Unilever, which traces its roots back to 1929 and the merger of Lever Brothers with the Dutch company Margarine Unie, employs 150,000 people in over 190 countries.
Other manufacturers and retailers including Nestle, Kraft Heinz, Procter & Gamble, Next, Greggs, PZ Cussons and Pladis, the owner of McVitie’s, have also warned of higher prices. John Allan, the Tesco chairman, has warned that food prices could rise by as much as 5 per cent.
Unilever and Tesco fell out six years ago when the consumer goods giant attempted to push through steep price increases, prompting Britain’s biggest supermarket chain to remove all the company’s products from its shelves. Tesco recently said that its price inflation was running at a lower level than the 3.8 per cent grocery industry average, however most supermarket chiefs expect food prices to increase this year.
Unilever said that its latest price increases would be across the board and that it was talking to retailers about individual products.

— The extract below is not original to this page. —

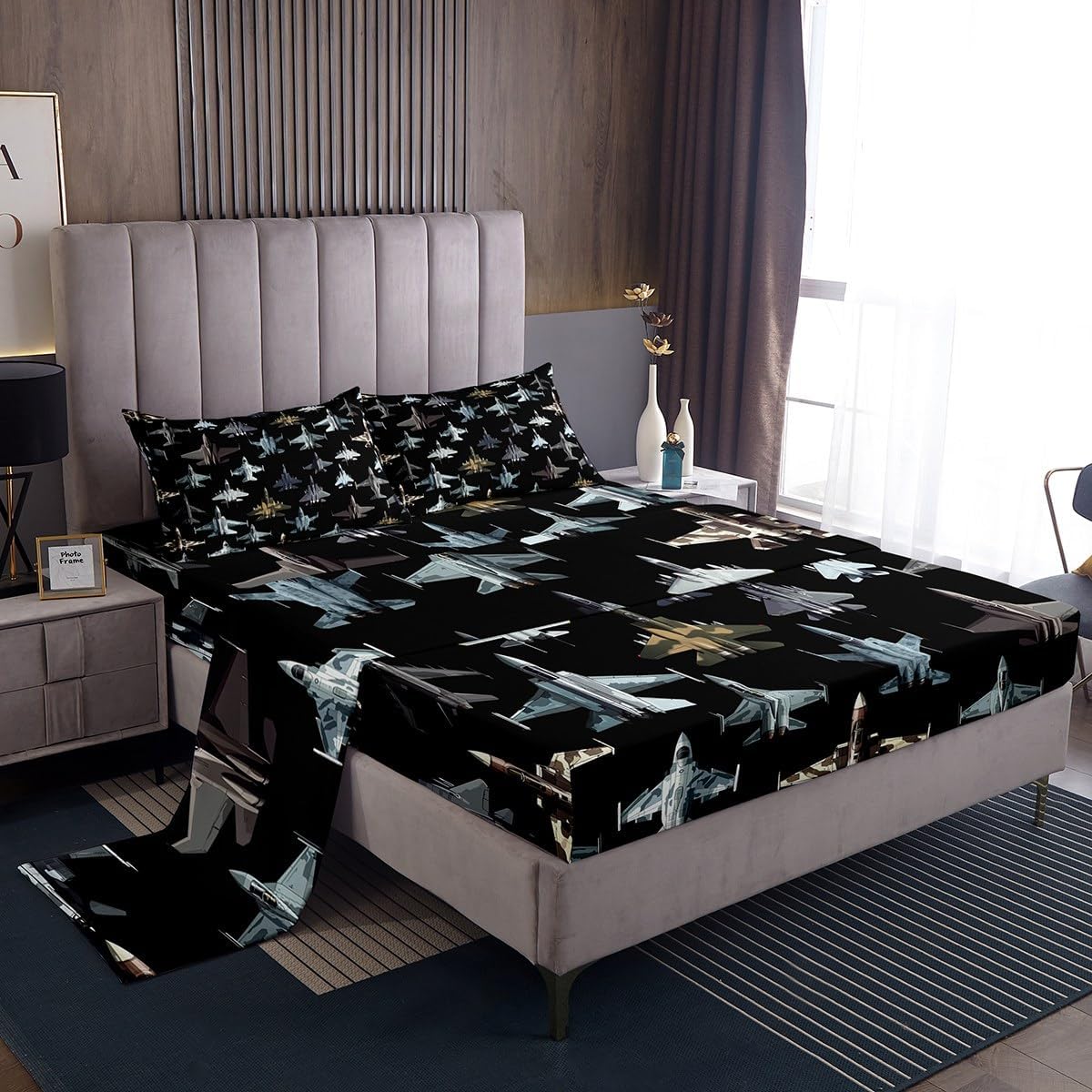 Erosebridal Modern Airplane Bed Sheets Set Queen Size, Fighter Aircraft Sheet Set for Kids Boys Youth Men, Camo Military Jet Print Sheets, Army Fighter Jet Flat Fitted Sheet, Black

The pressure from higher prices comes amid a cost of living crisis, as household finances are being squeezed by soaring energy prices. The average home will need to find an extra £700 to cover annual bills after the energy price cap increases from April.

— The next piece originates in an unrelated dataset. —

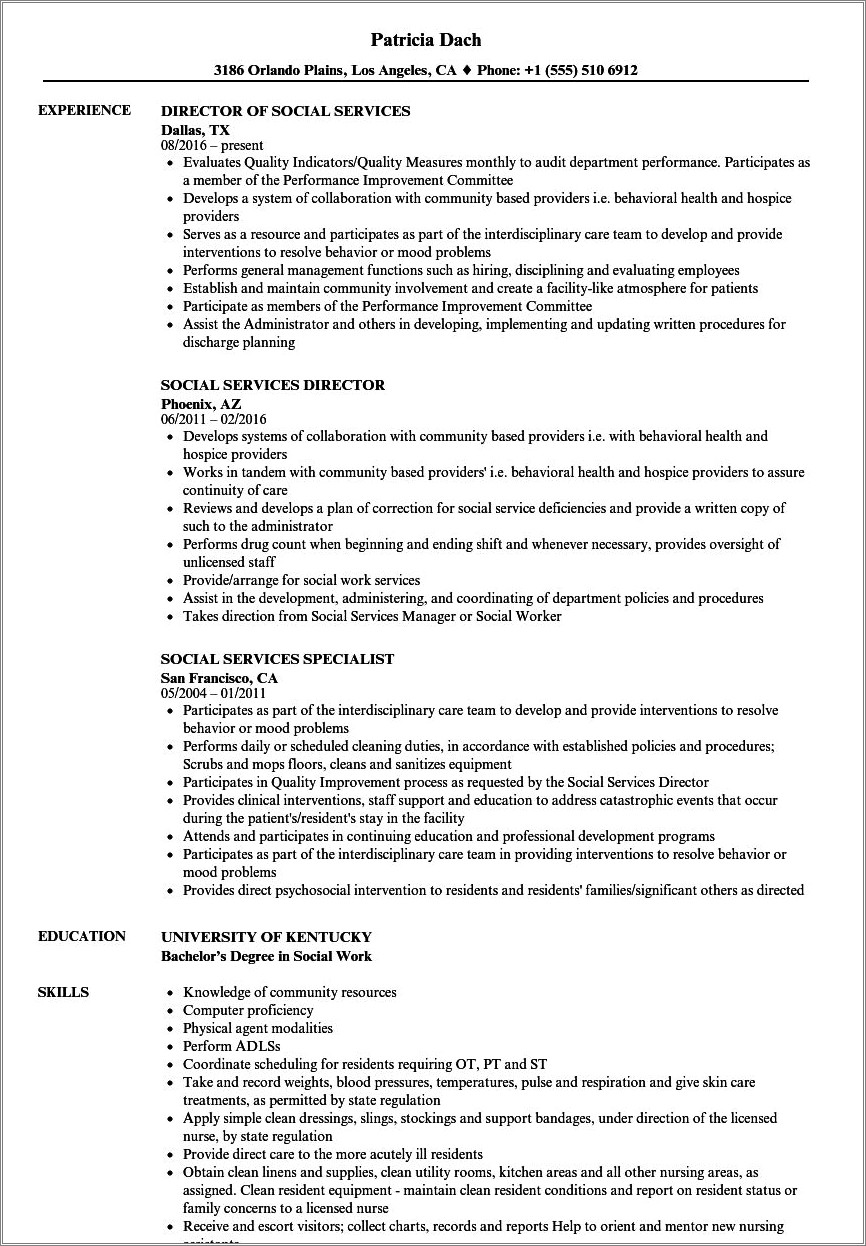 Adult Protective Investigator Social Worker Opportunity Resume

Unilever’s warning came as the company reported a 9.9 per cent rise in profits to £5.5 billion. Its revenues rose by 3.4 per cent to £44.2 billion last year.
Last month Unilever was criticised by one of its largest investors, Terry Smith, the founder of Fundsmith, for what he said was an obsession with “publicly displaying sustainability credentials at the expense of focusing on the fundamentals of the business”.

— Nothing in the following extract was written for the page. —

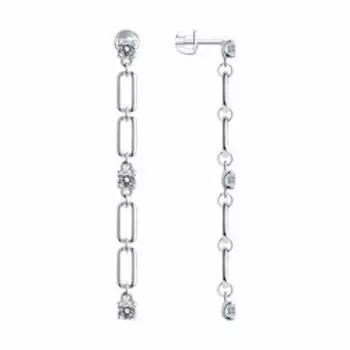 Серебряные серьги-пусеты с фианитами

“A company which feels it has to define the purpose of Hellmann’s mayonnaise has in our view clearly lost the plot,” Smith said.
Alan Jope, Unilever’s chief executive, defended the company’s sustainability messages yesterday, saying that they resonated with younger consumers and helped to drive growth.
The company abandoned plans to take over GlaxoSmithKline’s £50 billion consumer goods division, which includes Sensodyne and Panadol, after investors protested.